▶ **YOUR ASSIGNMENT**
Output the lines of the records from the one containing "Diamond Painting - Full" through the last, both ends included. Leave pictures out.

DATA PROVIDED Block Start

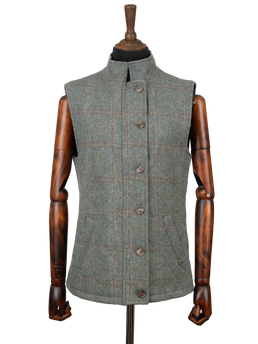 Harris Tweed Andi Gilet - Teal Check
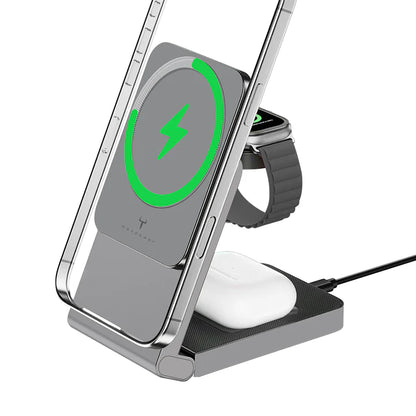 牛魔王 - QL996G Qi2 25W 磁力無線充電器 摺合式 支援 iPhone Airpods Apple Watch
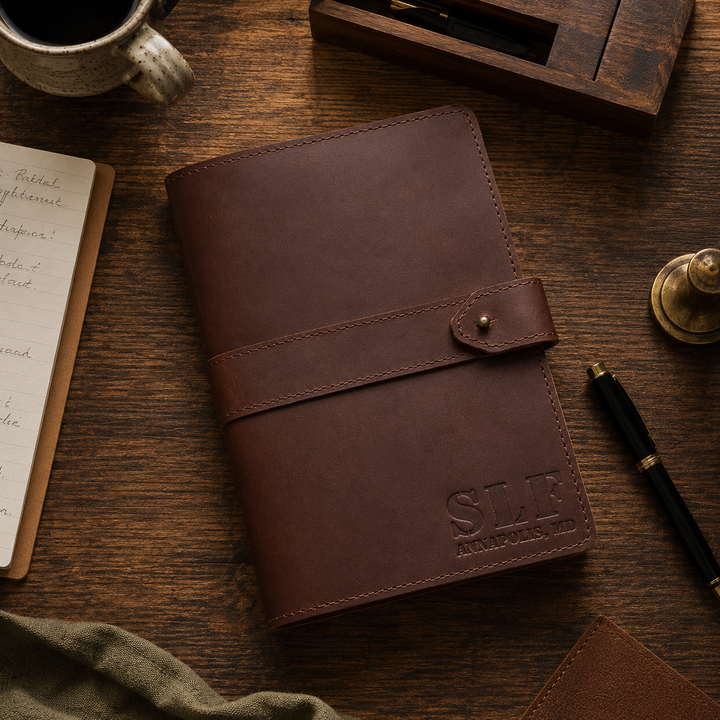 Brown leather notebook on a wooden desk with a pen and coffee mug.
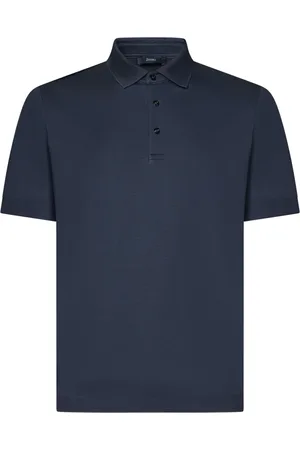 HERNO Tops, Heren, Blauw, 3Xl, Katoen, Blauw Poloshirt Korte Mouw Casual
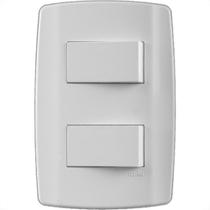 Conjunto Ilumi Slim Branco Com Placa 2 Simples - 8018 Conjunto Ilumi Slim Branco Com Placa 2 Simples - 8018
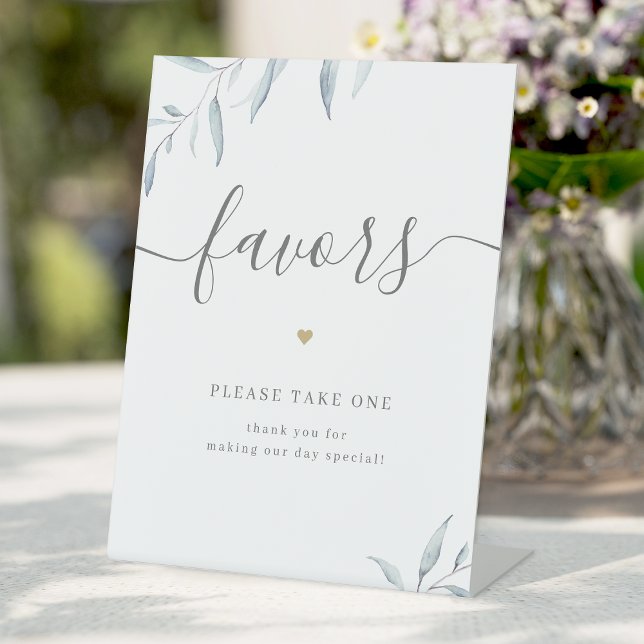 Minimal greenery Wedding Favours Please Take One  Pedestal Sign (Minimal dusty blue greenery Wedding Favors Please Take One Pedestal Sign)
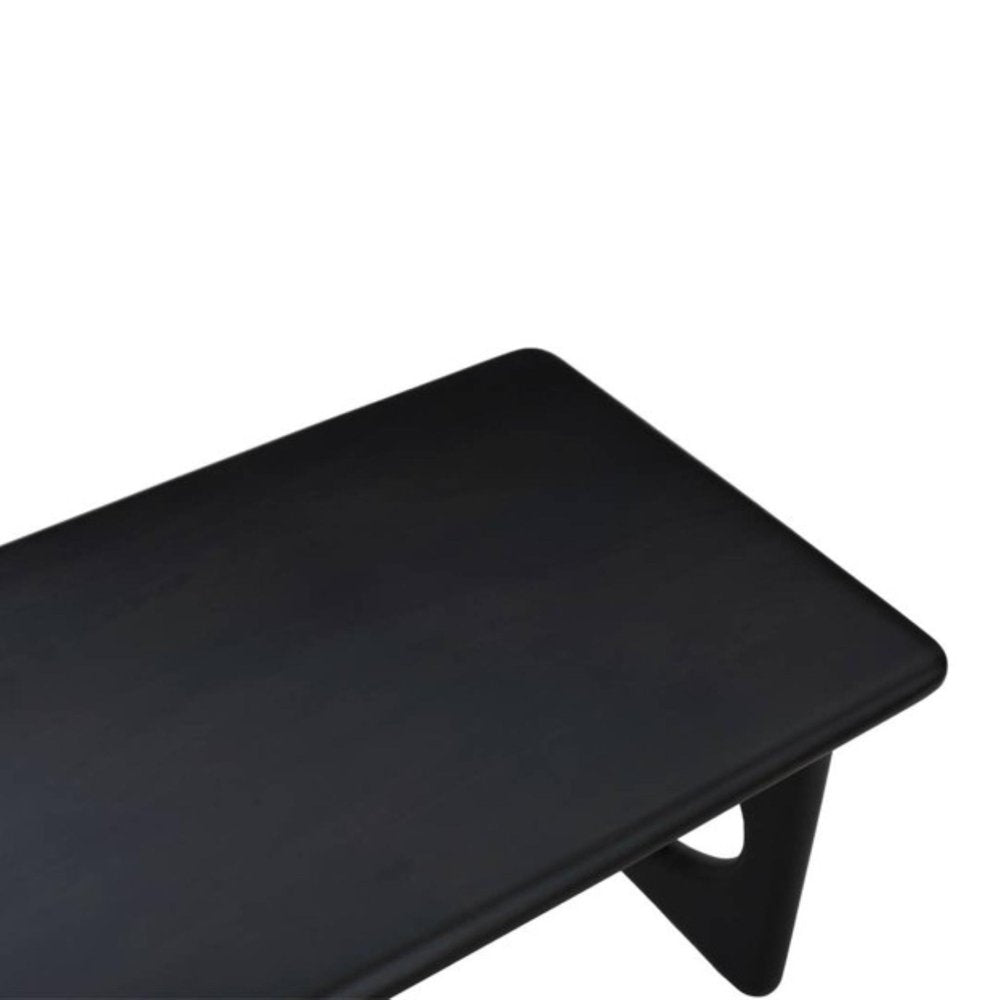 42" Black Solid Wood Abstract Coffee Table HomeRoots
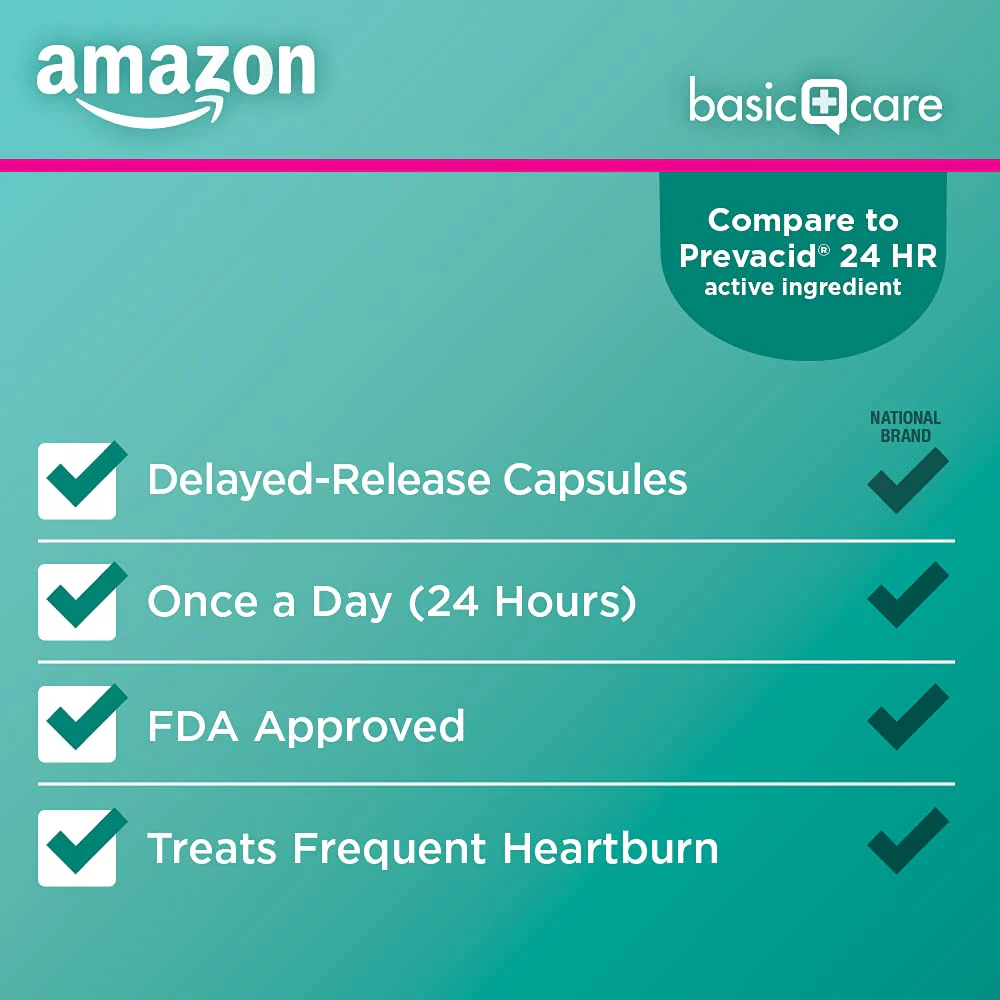 Amazon Basic Care Lansoprazole Delayed Release Capsules, 15 mg, Treats Frequent Heartburn, 14 Count (Pack of 2) - Image 3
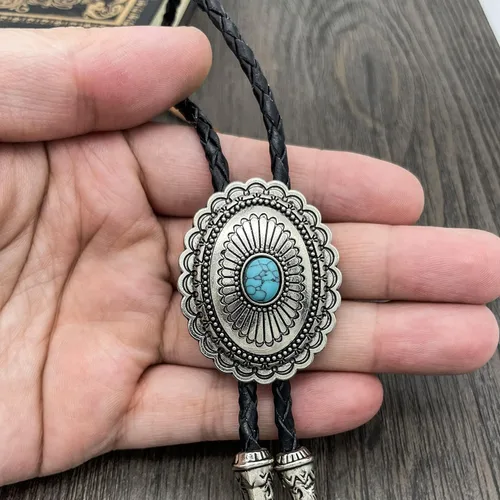 Vista 6 de YOQUCOL Vintage American Western Cowboy Indian Art Stone Genunie Leather Bolo Tie Para Hombres Mujeres
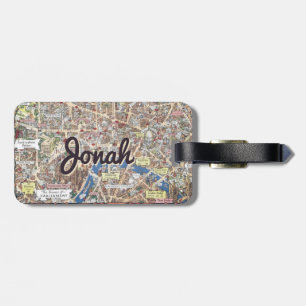 Personalised vintage London map kids luggage tag
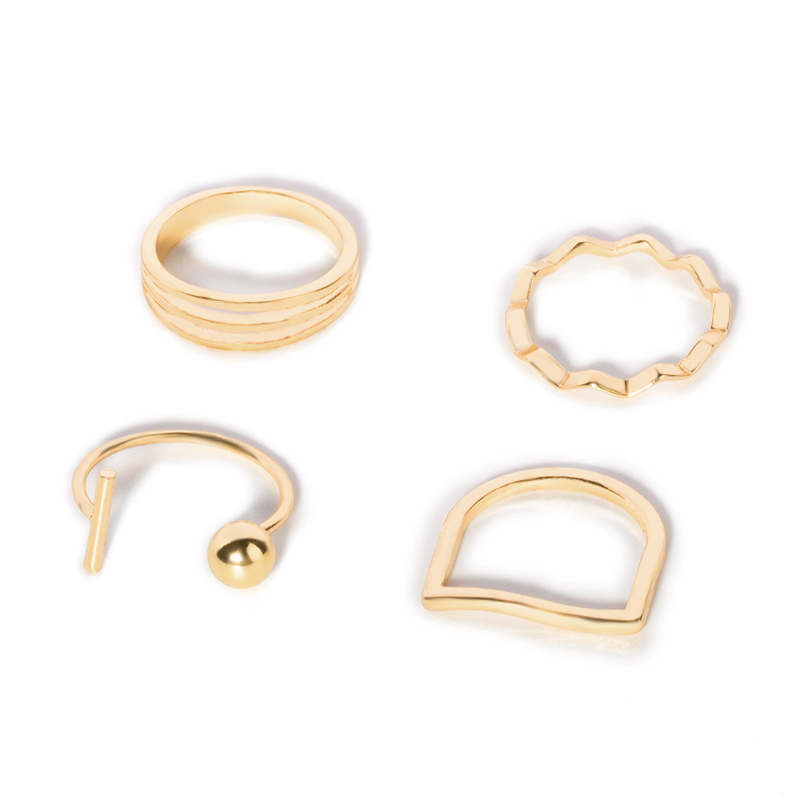 Fashion Gold Alloy Wave Open Ring Set Of 4,Jewelry Sets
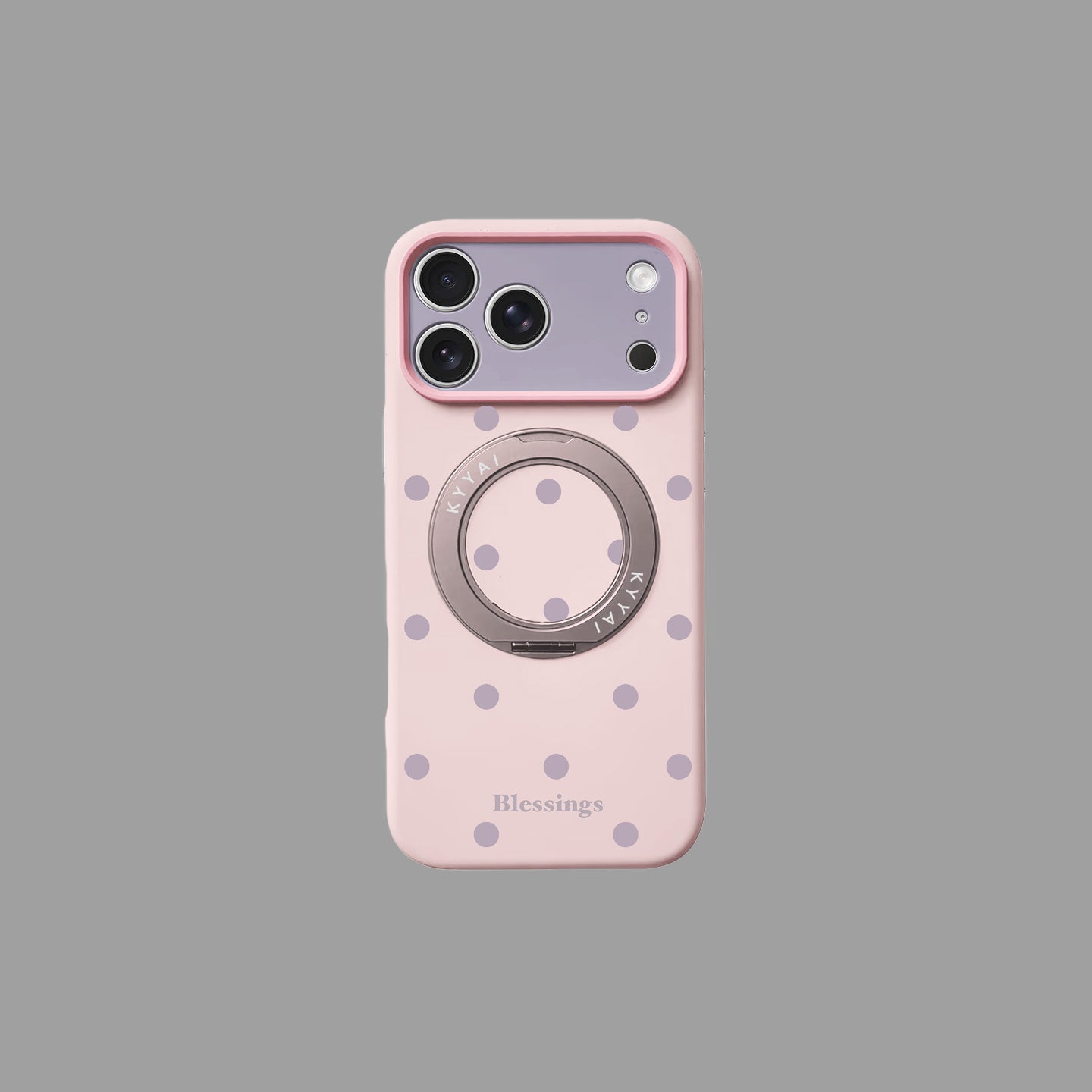 360도 회전 스탠드가 있는 물방울무늬 액상 실리콘 아이폰 케이스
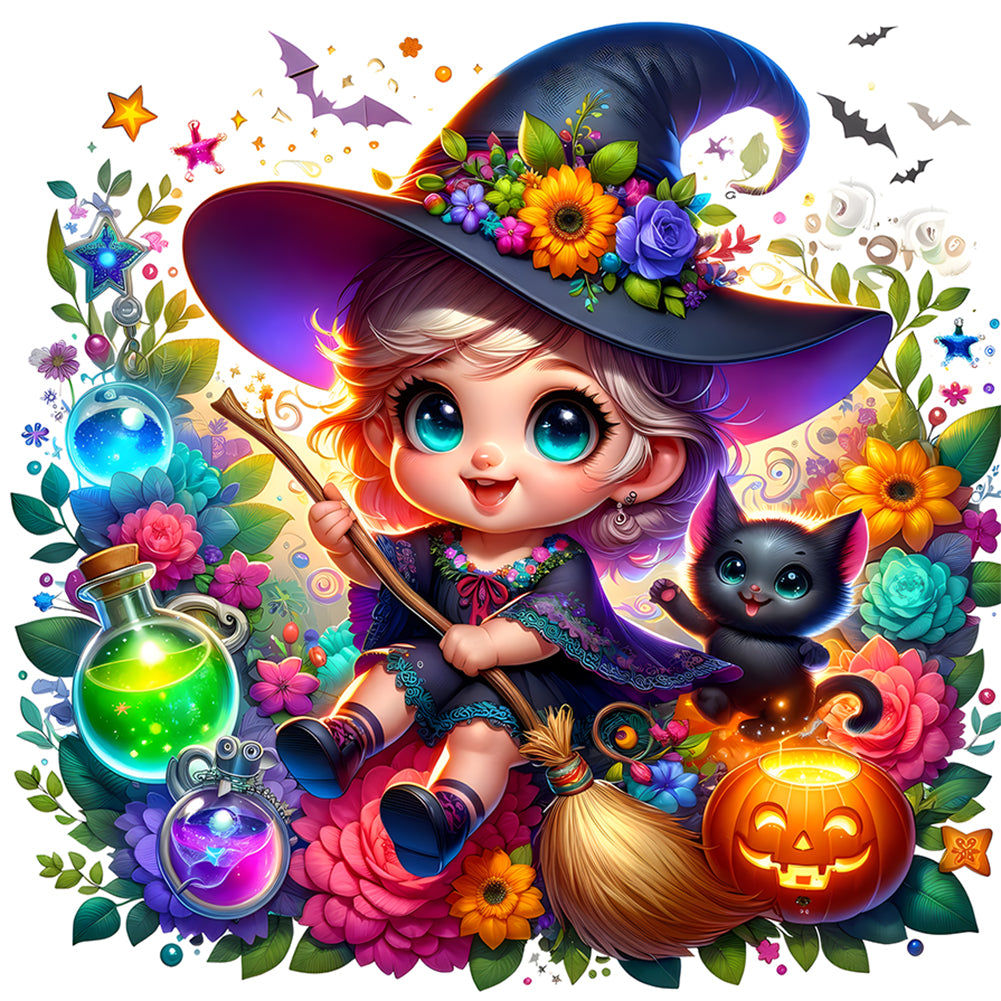 Diamond Painting - Full Round - Halloween witch (30*30CM)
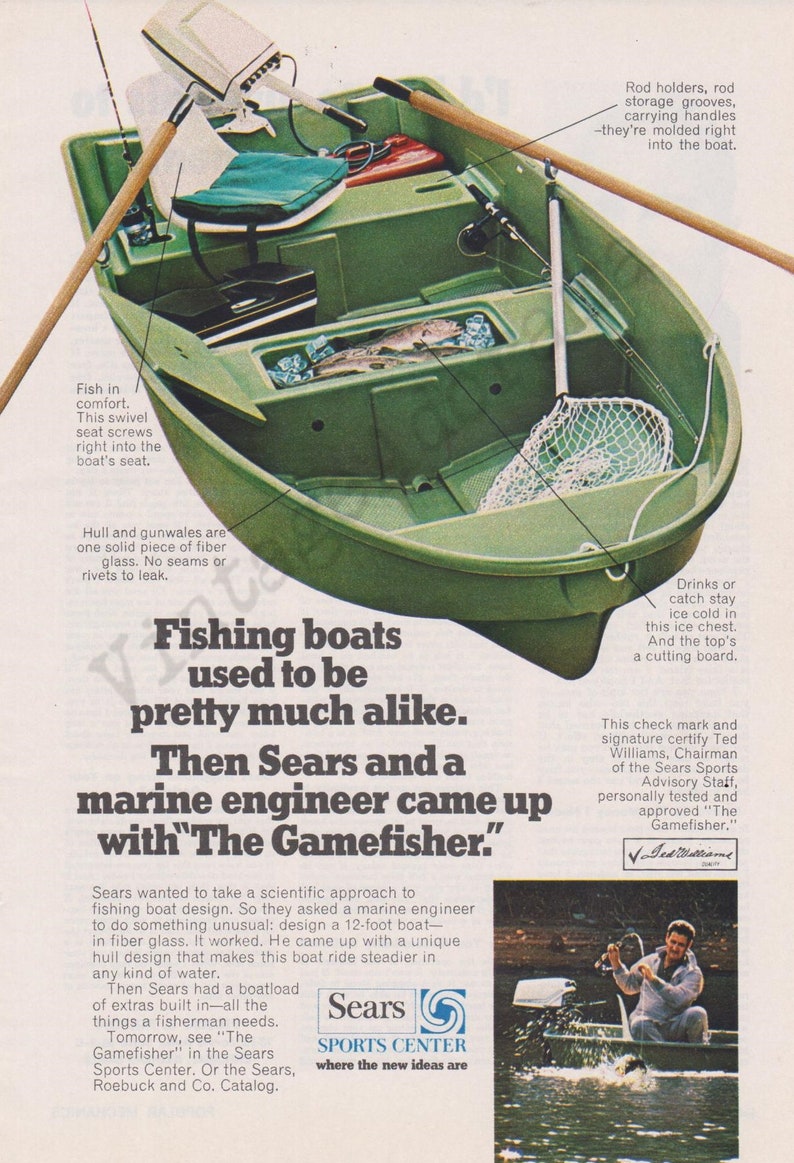 SEARS THE GAMEFISHER Boat Original 1970 Vintage Etsy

DATA PROVIDED Block End

▶ **YOUR RESPONSE**
 Diamond Painting - Full Round - Halloween witch (30*30CM)
 SEARS THE GAMEFISHER Boat Original 1970 Vintage Etsy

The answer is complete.